Britain accounts for about 16 per cent of the EU's economic output, is Europe's pre-eminent financial centre and is a bastion of liberal political and economic principles. Removing it from the EU is like chopping off California from the rest of the US.

A narrow 52 to 48 per cent majority of British voters have ignored the advice of their foreign friends. So it is that the British, it seems, will be the first nation to leave the EU, a club that, in its own eyes, embodies the spirit of peaceful cooperation in a continent ravaged down the centuries by hatred, prejudice and war.

The repercussions will be immense, first and foremost in Britain itself and the rest of Europe, but also around the world. In the EU, practically the only politicians who will toast the British referendum result will be anti-establishment populists, mostly on the extreme right.

Think of Ms Marine Le Pen, leader of France's National Front, or Mr Geert Wilders, leader of the Dutch Freedom party.
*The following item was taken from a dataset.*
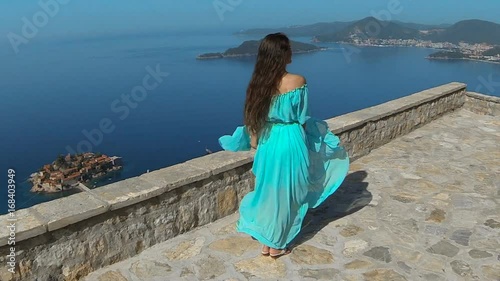 Beautiful brunette smiling Girl with Healthy Long Hair in blowing dress. Happy Young Woman Enjoying Nature and having Fun over sea and blue sky. Sveti Stefan, Montenegro.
Each calculates that the British vote will dispirit their domestic rivals and smooth their own paths to greater political influence.

For Ms Le Pen, next year's French presidential election cannot come too quickly. For sure, she is unlikely to win it. Neither is Mr Wilders' demand for a Dutch referendum on EU membership likely to carry the day.

But this is not the point. The point is that demagoguery and hypocrisy in continental Europe have received a boost because Britain, a land with a longer and more honourable tradition of practising and defending freedom than almost any other in the world, has turned its back on the EU.

The demagogues claim to admire British democracy for being brave and solid enough to stage Thursday's referendum on EU membership. In reality, however, the European ultra-rightists despise not just EU values, but also every single British principle of moderation and pluralism that has served the country so well since the 1688-89 Glorious Revolution.

By stimulating populism and contempt for elites, this referendum result will refocus the attention of financial markets on the fragility of the half-built house that is the euro zone. France, Germany and other members of the 19-nation currency area will, of course, stress that their unity and resilience are in no way diminished by the results of the British referendum.

But there remain bitter disagreements on initiatives such as a common deposit insurance scheme to bolster the euro zone's banking union. German Finance Minister Wolfgang Schauble has even said that Mr Mario Draghi, president of the European Central Bank, and his unconventional monetary policies are to blame for the rise in support for the right-wing populist Alternative for Germany party.

Bold new proposals to advance European integration will be off the table at least until after next year's French presidential elections and Germany's parliamentary polls.

For the US, however, Britain's departure from the EU will be an alarm bell - and far from the first to ring in Europe, after the sovereign debt and banking sector crisis, the refugee and migrant emergency and Russia's intervention in Ukraine.

The EU, bereft of Britain, will have its work cut out to avoid giving the impression to US policymakers that it is congenitally disunited and too frail to overcome its own challenges.

Much as the US foreign policy establishment might want to pivot to Asia, the country's next president may well find they have to calm tempests in Europe.

In economic terms, Britain's exit from the EU will mark the disappearance of an ally who, sitting at the European table, has spoken with a strong voice on free markets that usually harmonised with American interests. Without a liberal, internationalist Britain at the table, it becomes difficult to see how the EU will fulfil its stated aim of achieving the comprehensive free trade accord that is under negotiation with the US. Countries such as the Netherlands and Sweden have the same instincts as Britain, but their weight will be seriously reduced without the British at their side.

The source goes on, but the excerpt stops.